En la primera se presentan con la fachada presumida de enseñarte lo que tú venías a ver y no suelen defraudar. Vas buscando las postales y las encuentras. Se establece un romance entre tú y ella que quedará para siempre en el recuerdo.
La segunda vez, en cambio, empiezas a verle las costuras, sus tripas, empiezas a mirar dentro de los bares, las colas en el banco, la vestimenta de los policías, hueles las panaderías, escuchas las risas, vas sin las prisas de hacerte la foto.
Así entramos en el Moma. Nueva York ya no era una desconocida para nosotros y podíamos permitirnos vagabundear.
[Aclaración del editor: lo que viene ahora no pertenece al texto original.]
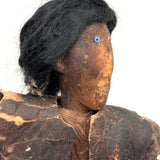 c. Late 19th Century Hand-carved Indigenous Folk Art Doll with Turned Head and Leather and Wool Scrap Clothing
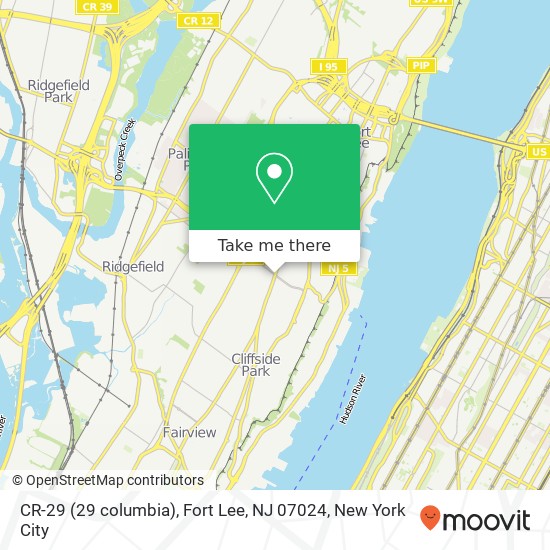 CR-29 (29 columbia), Fort Lee, NJ 07024 map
Habíamos escuchado que Marina Abramovich presentaba una performance en el museo, que ya conocíamos, y allí nos metimos.
Llevaba meses actuando a diario. Ella se sentaba en una silla, frente a una pequeña mesa, y esperaba a que alguien de entre los visitantes del museo se sentará del otro lado. Entonces se producía el milagro. Tan solo consistía en mantenerse las miradas, hasta que al retado le ganaba la retadora.
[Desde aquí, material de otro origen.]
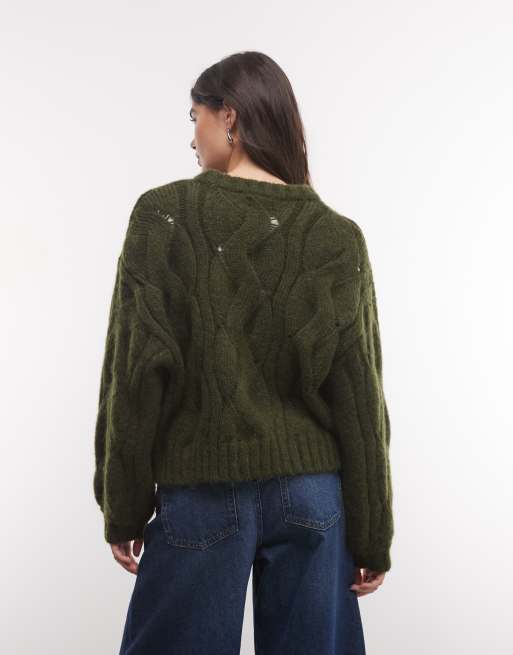 Monki jersey de punto de ochos de corte cuadrado en caqui, 4 de 4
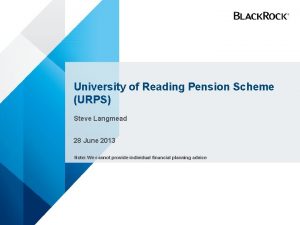 University of Reading Pension Scheme URPS Steve Langmead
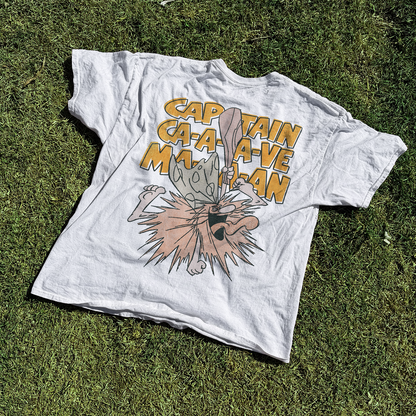 Captain Caveman 'Unga Bunga' Vintage Washed White Tee - - T-Shirt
Yo sufrí todo tipo de emociones observando la escena, no quería salir de allí. Me sentí importante, me sentí pequeño, se me saltaron las lágrimas, me angustié, agradecí estar vivo, se me erizó la piel.
Solo había una señora mirando fijamente a un desconocido, a los ojos. Y un desconocido aguantando la mirada.
Hay quienes critican el arte contemporáneo por salirse de las normas, pero las normas del arte solo tienen que ver con provocar en el espectador sensaciones que le hagan estremecer.